So the attempt has been to say that either Avidya is located in Brahman or in Jiva. This has led to the schools of Bhamati and Vivarna. Bhamati holds that Jiva is the Ashraya of Avidya. Vivarna holds that there is anyway only one Brahman, who is simultaneously the locus and object of Avidya.

The next question is, is Avidya real like my desires or is it unreal, in the sense that it has no basis for its existence?

One contention is that Avidya is just a superimposition, an Adhyaropa that has been made in the Upanishad, so that one can do the negation, Apavada and arrive at Brahman. It has no reality and is just a word used to get us back home.

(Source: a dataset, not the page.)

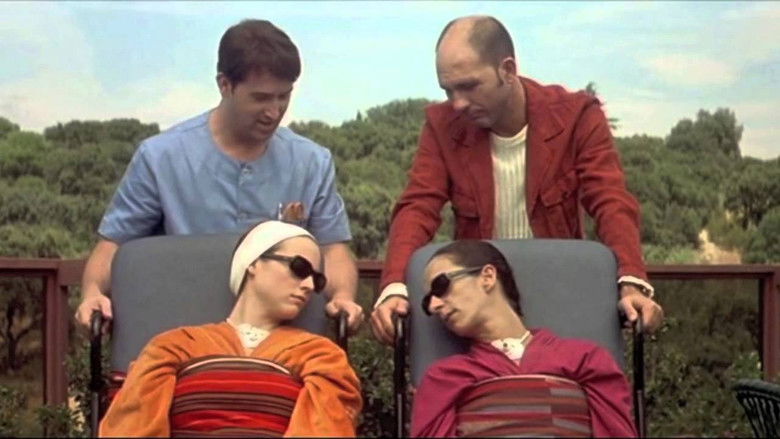 кадр из фильма Поговори с ней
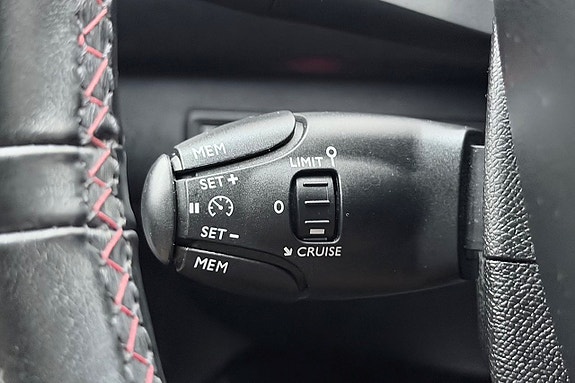 Peugeot 308 23 of 30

The rather mainstream contention is that Avidya is Bhavarupa, or yat-kincit-bhavarupa, in the sense that it holds a certain amount of reality, just like your desires etc. This is naturally also mithya, in the sense that Avidya appears because Brahman is there. It cannot appear out of thin air.

Are Maya and Avidya the same?

Some say they can be used interchangeably. Maya seems to be attributed to Ishwara, who is wielding it. Avidya however has a more negative connotation, that I am subject to it as a Jiva. Here again the views diverge between different vedantins.

If we take Avidya and Maya as synonyms, then the sequence that follows is – Ishwara was subject to Avidya, then he realized that he is Brahman, then he because of his Upadhi as Jagat, became the wielder of this Avidya.